# Strobes in 2005 GMC 2500HD



## CSLC (Jan 16, 2008)

I have 4 strobes currently in my truck 2 in front (DTRL) 2 in rear all amber (Taillights Amber). I want to add 4 more because people are still having trouble seeing a big white truck with a big red plow on front of truck. I was thinking about doing my highbeams in the front, clear or amber and clear in my reverse lights. I am getting a set of some kind of reverse lights for truck so I can see better also.<<<< led. What are opinions on strobes and kind of reverse lights?


----------



## durafish (Sep 6, 2011)

I have all clear in high beams and in the reverse light (have a chevy so no amber) so i think that would look good. You may want to look into whelen vertexes or the strobes n more brand ones to save your battery. I also have led reverse lights super bright and only about $15 off amazon.


----------



## CSLC (Jan 16, 2008)

durafish;1485716 said:


> I have all clear in high beams and in the reverse light (have a chevy so no amber) so i think that would look good. You may want to look into whelen vertexes or the strobes n more brand ones to save your battery. I also have led reverse lights super bright and only about $15 off amazon.
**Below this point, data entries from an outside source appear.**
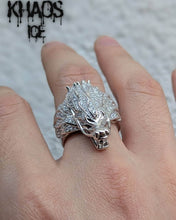 Cargar imagen en el visor de la galería, Anillo dragón zirconia cubica
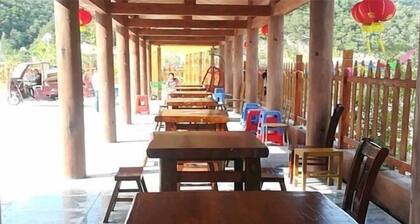 Baotianman Shanshui Inn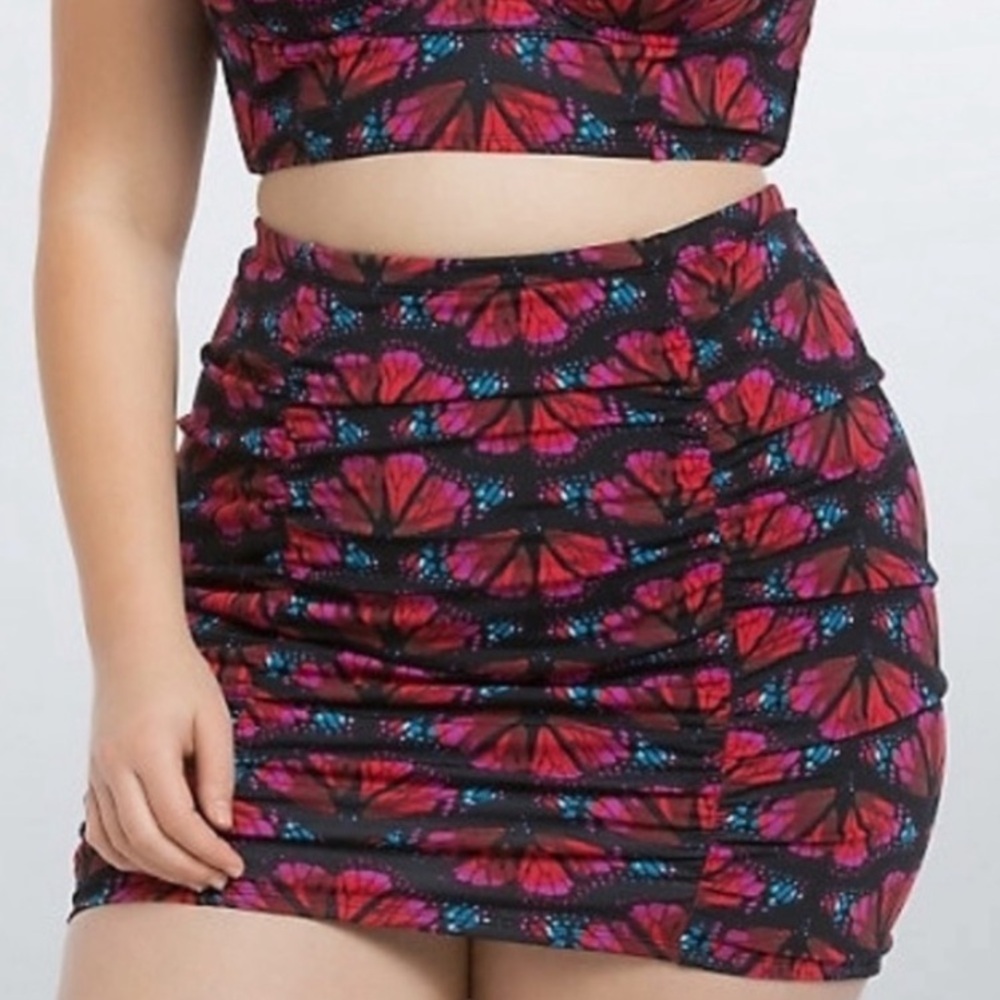 TORRID Retro Black and Red Ruched Butterfly Swim Skirts - Sizes 2 and 3 GUC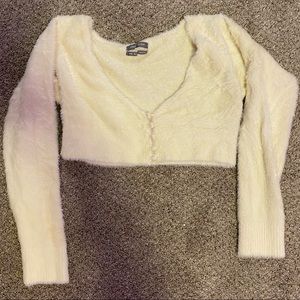 Soft fuzzy long sleeve crop top 🐚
I am looking at these strobes http://advancedwarninglights.com/awl-led-hide-away-4-pcs.html

The first set is from strobes n more and they do not seem very bright

What reverse lights did you get?


----------



## durafish (Sep 6, 2011)

I haven't seen or heard good or bad things about that company but i do know that that seems to cheap for quality lights. Some of their other stuff looks like STL lights which have very bad reviews and all made in china http://www.plowsite.com/images/smilies/rolleyes.gif
I would go with with a name brand light, I'm sure someone will chime in with more info

edit: after looking more at that site their stuff looks bright and comes with a 2 year warranty so for less than $200 you can have led HAW for at least 2 years and then buy them again and be only spend a little more then buying a name brand light


----------



## durafish (Sep 6, 2011)

Bump...to see other peoples opinions on theses lights


----------



## CSLC (Jan 16, 2008)

Bump....No other suggestions?


----------



## crazyboy (Feb 3, 2009)

Reverse lights are good, high beams will just drown out the punch of the strobe, and you are still left without side warning. I would toss on a mini led lightbar so yo have full 360 degree warning.


----------



## durafish (Sep 6, 2011)

I have the strobes in the highs and there still pretty bright but yea they do get drown down a bit. Depending on the your budget you could a led bar but when pulling out i wouldnt think people would see much depending on how close they are to it. You could get some Tirs 3 and put on the side of the bumber filler for side coverage. And maby if you have a toolbox or backrack you could mount two right there?


----------



## Richmor52 (Jan 2, 2011)

http://www.strobesnmore.com/Strobes-N-More-E4-Super-LED-1089.html
Two of these in the back window of my 03 Chevy 2500HD with some clear double sided tape work great.


----------



## durafish (Sep 6, 2011)

Richmor52;1487340 said:


> http://www.strobesnmore.com/Strobes-N-More-E4-Super-LED-1089.html
> Two of these in the back window of my 03 Chevy 2500HD with some clear double sided tape work great.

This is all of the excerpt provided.